• [TASK PROMPT] Task for the records below: copy exactly, and only, the line containing "Ittihad Khemisset club crest" and every line after it to the end, with pictures left out.

• [DATA FOR THIS TASK]
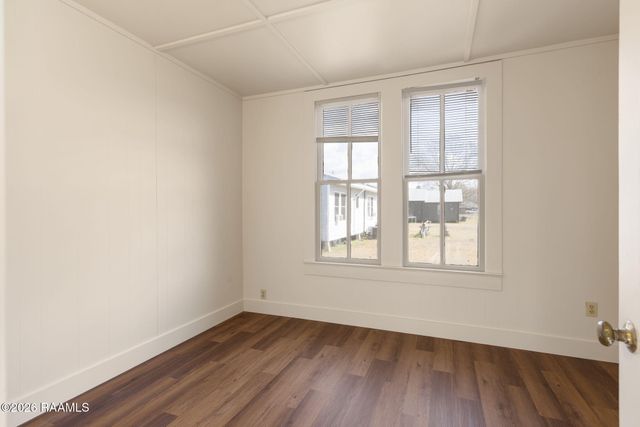 504 Pope Drive, Carencro, LA 70520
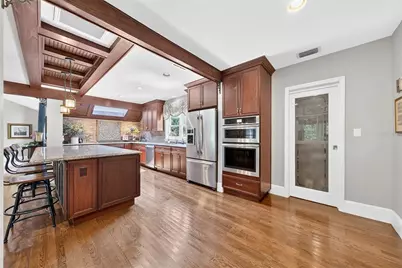 12085 Sandy Shores Drive #D, Windermere, FL 34786 - Photo 15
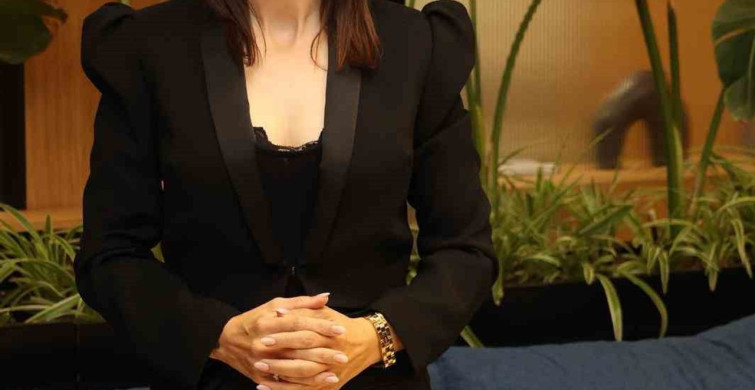 Nafaka Sistemi İçin Yeni Bir Model Önerisi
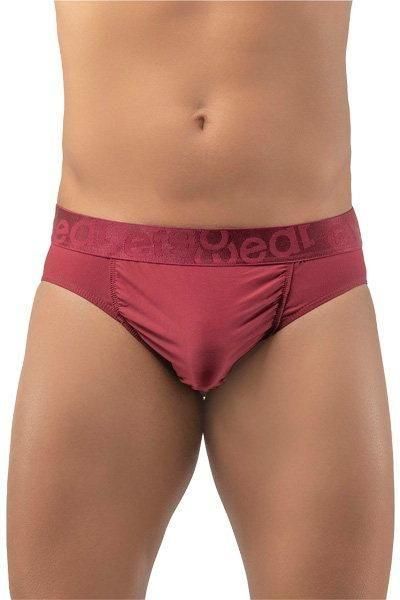 Ergowear FEEL XV Brief ֥꡼ EW1196*<img class='new_mark_img2' src='https://img.shop-pro.jp/img/new/icons20.gif' style='border:none;display:inline;margin:0px;padding:0px;width:auto;' />β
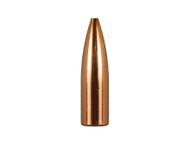 Berger by BulletProof 6mm 80 Grain BC.306 Varmint Reloading Bullet Sample Pack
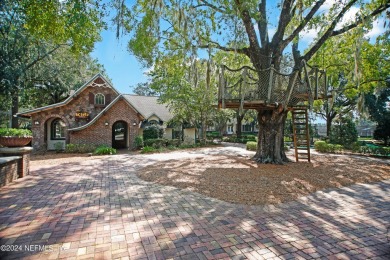 Welcome to your dream home in the highly sought-after Eagle on Eagle Landing Golf Club in Florida - for sale on GolfHomes.com, golf home, golf lot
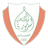 Ittihad Khemisset club crest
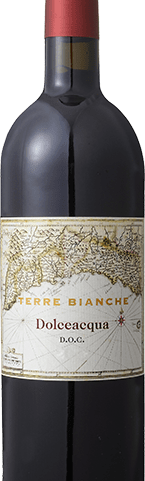 Terre Bianche – Rossese di Dolceacqua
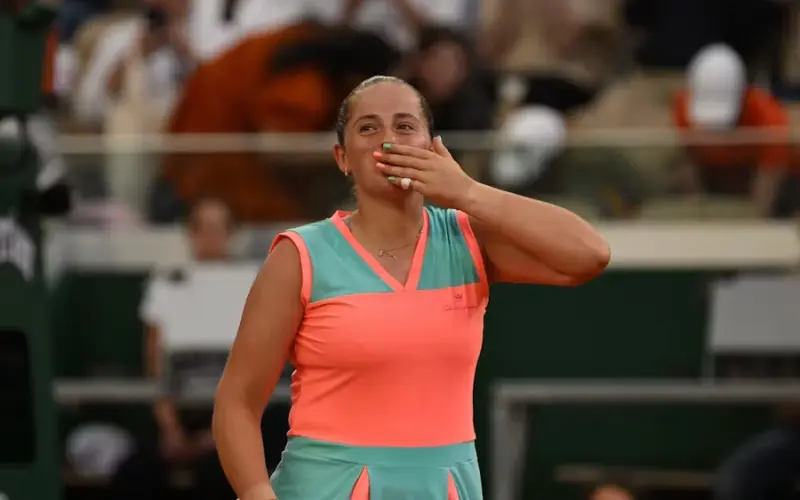 jelena-ostapenko jelena-ostapenko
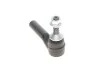 <strong>Наконечник рульової тяги SKF VKDY 319002 (фото 3)</strong>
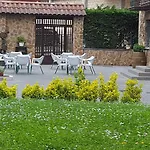 Petit Goierri 2*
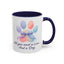 Animal Mug - All You Need Is Love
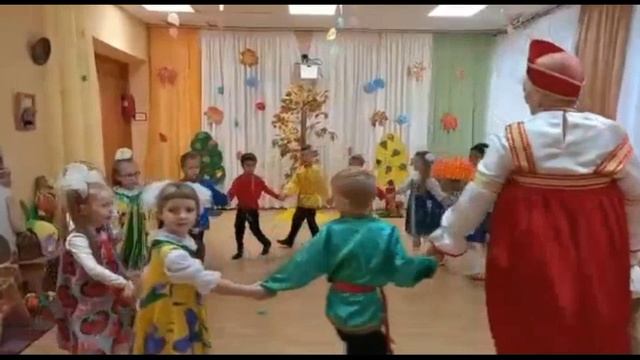 осень_репортаж.avi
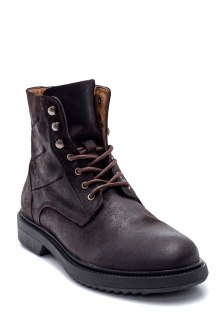 Derimod 21WFD6144V3 Erkek Ayakkabı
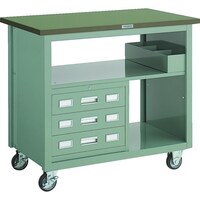 sqtrbn@uc^ot^c[S@POP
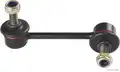 Stabilizator palca - Jakoparts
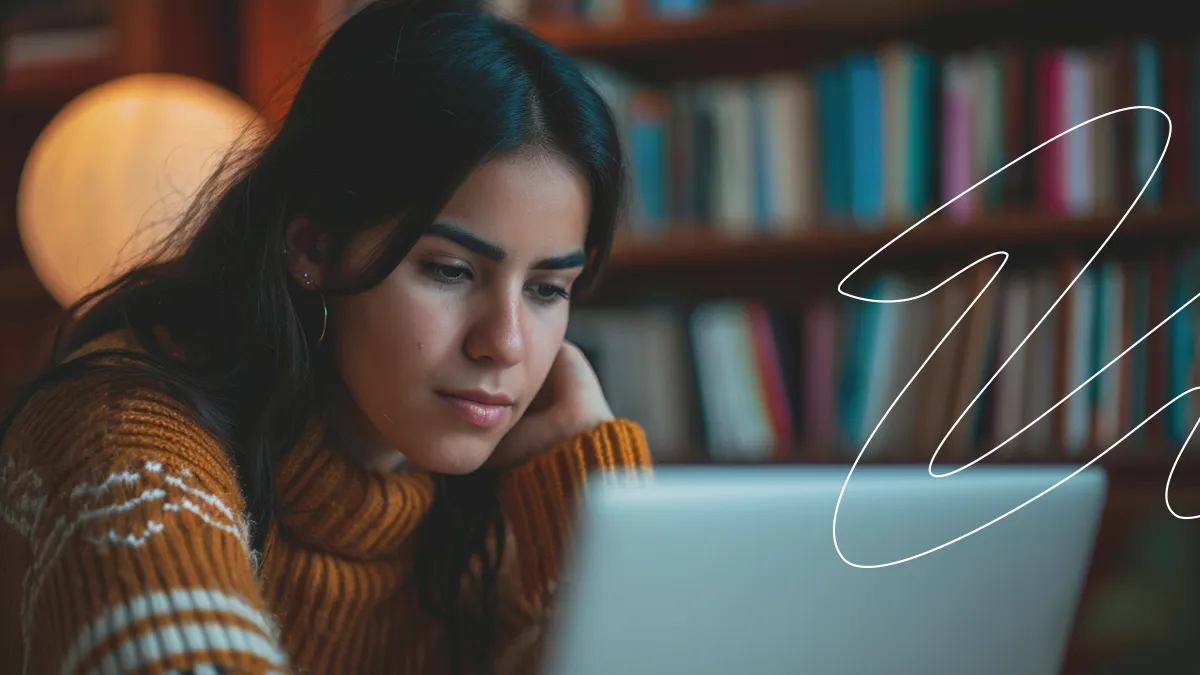 Diplomados en Ecuador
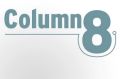 Column 8 dinkus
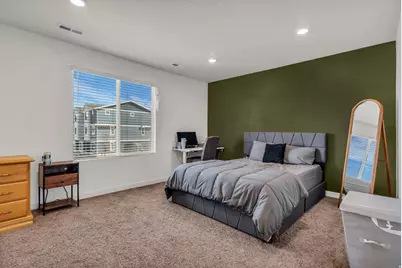 266 N Portside Ln, Saratoga Springs, UT 84045 - Photo 19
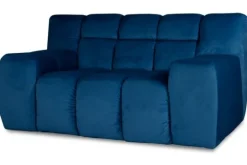 Discount Moderno Fauteuil - Loveseat Trentino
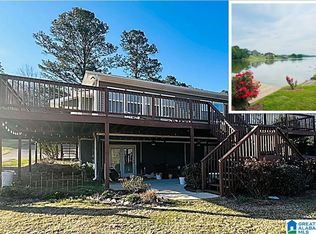 1882 Depot St, Riverside, AL 35135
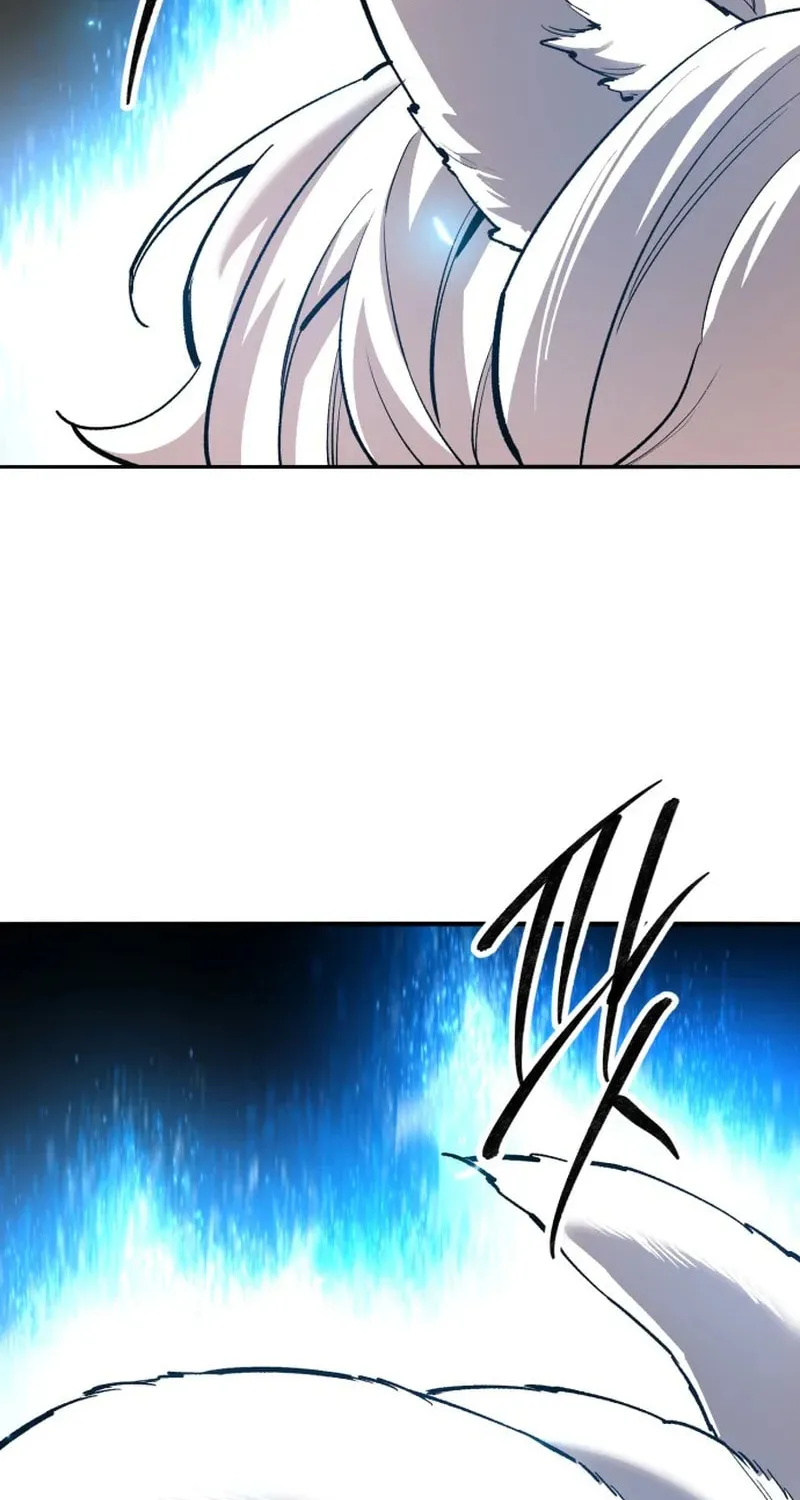 Read Limit Breaker chapter 161 image 52 on Lezhin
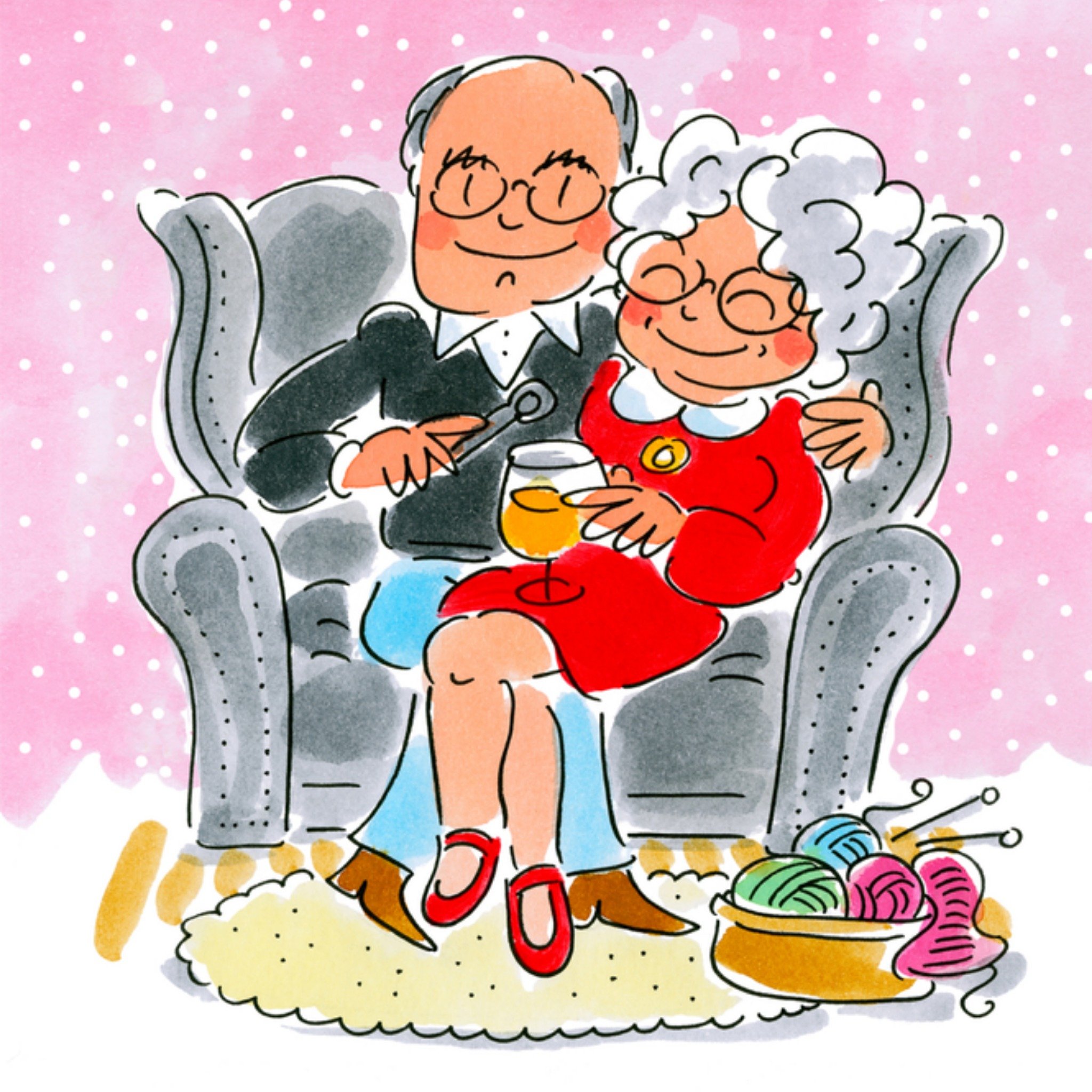 Zomaar kaart Getekend Vierkante Kaart Blond Amsterdam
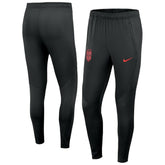 USWNT 2023 Strike Performance Pants - Black | Nike sale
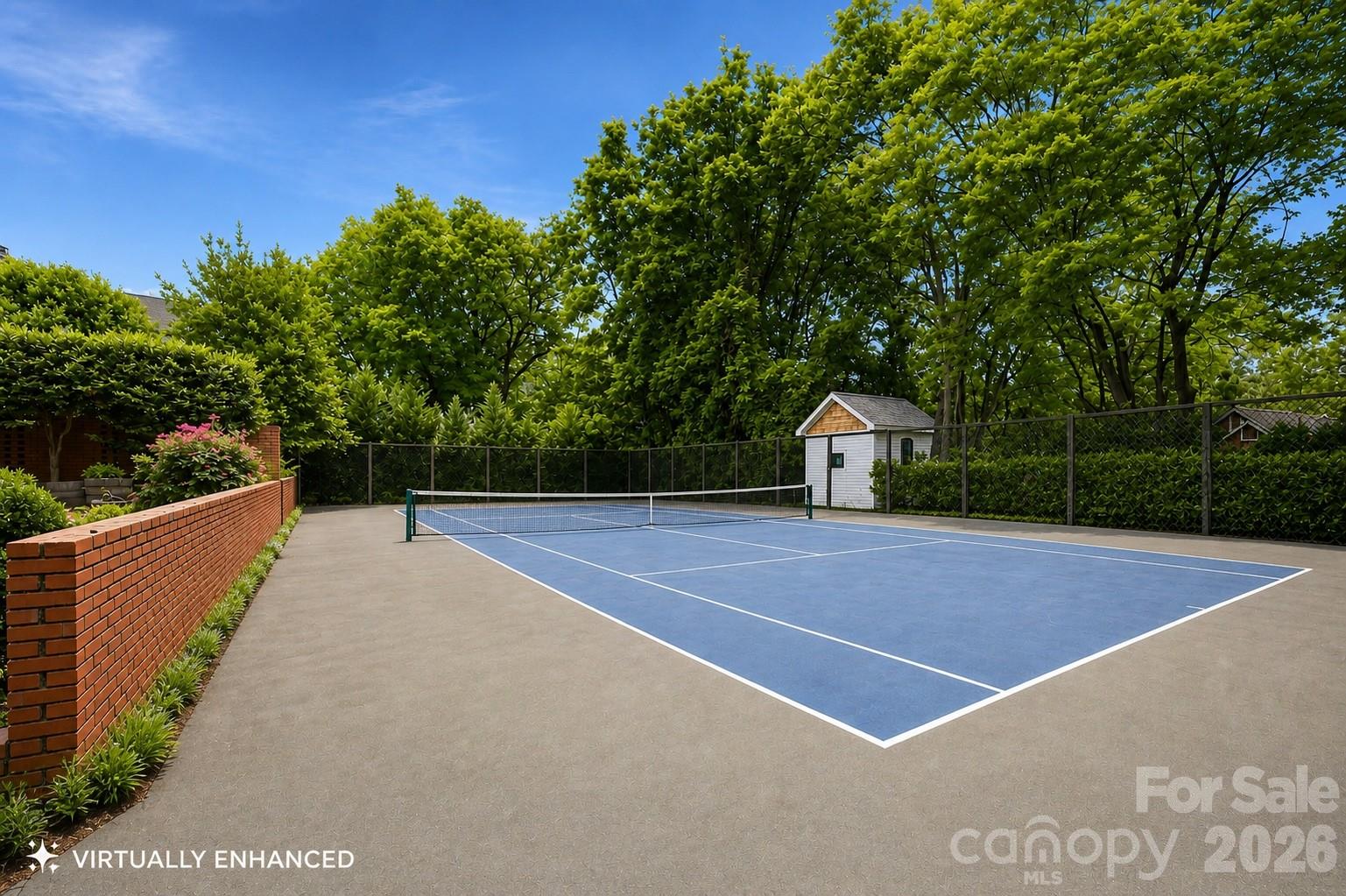 main property photo 42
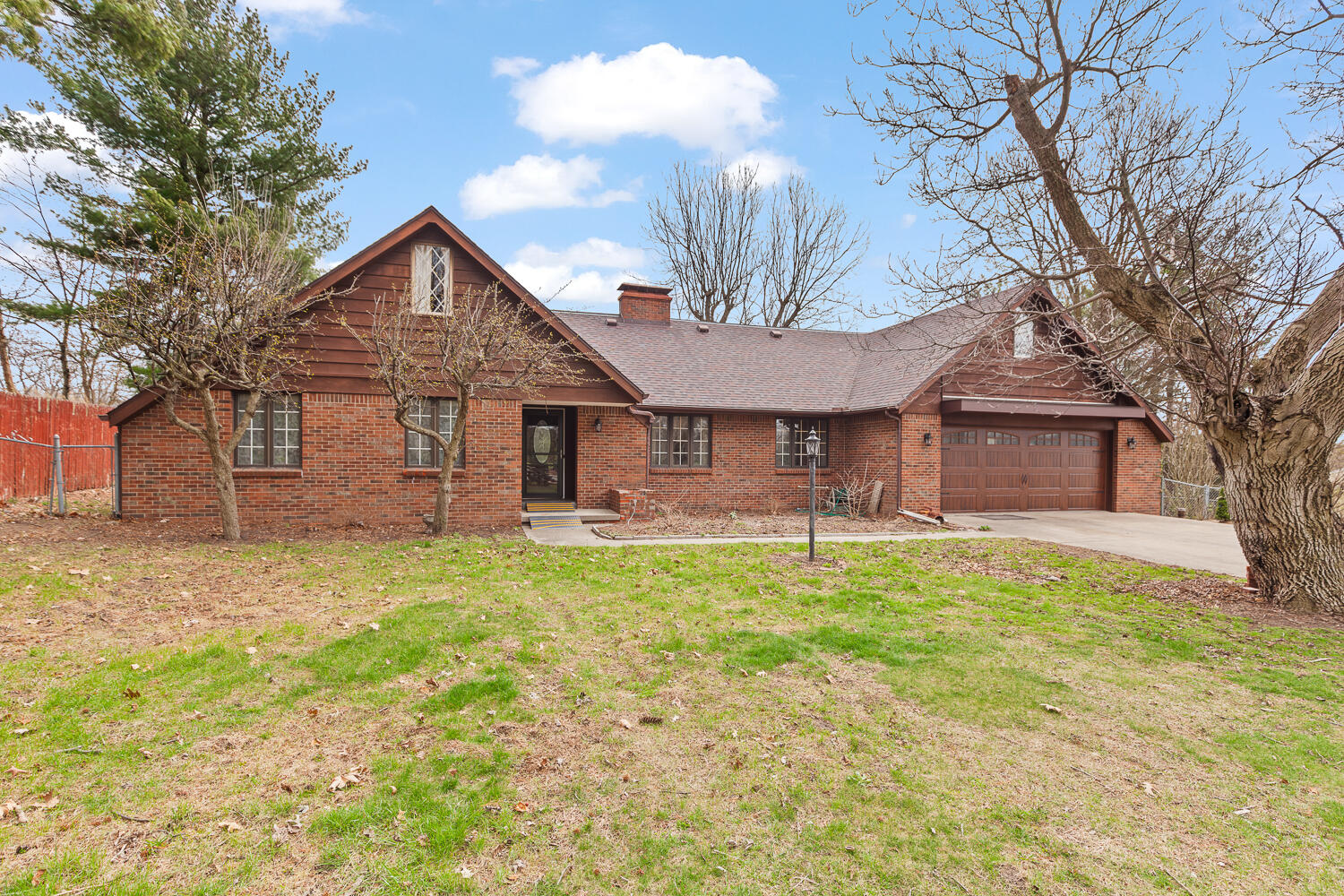 4675 Treat Highway Property Photo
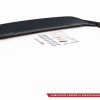 Volkswagen Golf GTI / GTE / R-line Mk8 (facelift) - Lâmina frontal V.2 | VW-GO-8-FD2G+FD2RG | Produto Maxton Design distribuído por Unicartuning. Volkswagen Golf GTI / GTE / R-line Mk8 (facelift) - Lâmina frontal V.2 | VW-GO-8-FD2G+FD2RG | Produto Maxton Design distribuído por Unicartuning.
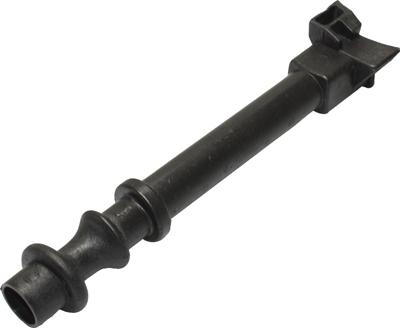 Birth 6408 - Tension Spring, gear lever car-mod.net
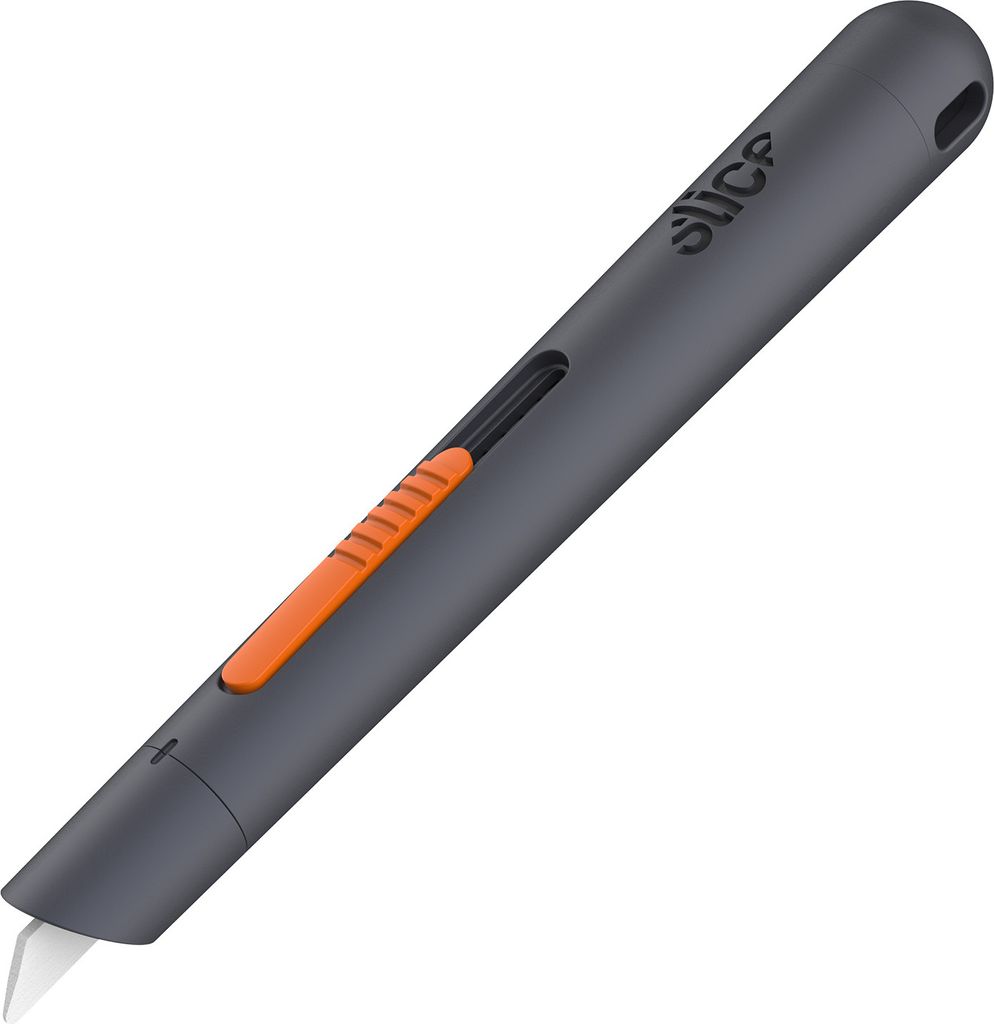Slice 10513 Manual pin cutter with ceramic blade 1 pc(s) Produktbild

• [REPLY TO THE TASK]
 Ittihad Khemisset club crest
 Terre Bianche – Rossese di Dolceacqua
 jelena-ostapenko jelena-ostapenko
 <strong>Наконечник рульової тяги SKF VKDY 319002 (фото 3)</strong>
 Petit Goierri 2*
 Animal Mug - All You Need Is Love
 осень_репортаж.avi
 Derimod 21WFD6144V3 Erkek Ayakkabı
 sqtrbn@uc^ot^c[S@POP
 Stabilizator palca - Jakoparts
 Diplomados en Ecuador
 Column 8 dinkus
 266 N Portside Ln, Saratoga Springs, UT 84045 - Photo 19
 Discount Moderno Fauteuil - Loveseat Trentino
 1882 Depot St, Riverside, AL 35135
 Read Limit Breaker chapter 161 image 52 on Lezhin
 Zomaar kaart Getekend Vierkante Kaart Blond Amsterdam
 USWNT 2023 Strike Performance Pants - Black | Nike sale
 main property photo 42
 4675 Treat Highway Property Photo
 Volkswagen Golf GTI / GTE / R-line Mk8 (facelift) - Lâmina frontal V.2 | VW-GO-8-FD2G+FD2RG | Produto Maxton Design distribuído por Unicartuning. Volkswagen Golf GTI / GTE / R-line Mk8 (facelift) - Lâmina frontal V.2 | VW-GO-8-FD2G+FD2RG | Produto Maxton Design distribuído por Unicartuning.
 Birth 6408 - Tension Spring, gear lever car-mod.net
Slice 10513 Manual pin cutter with ceramic blade 1 pc(s) Produktbild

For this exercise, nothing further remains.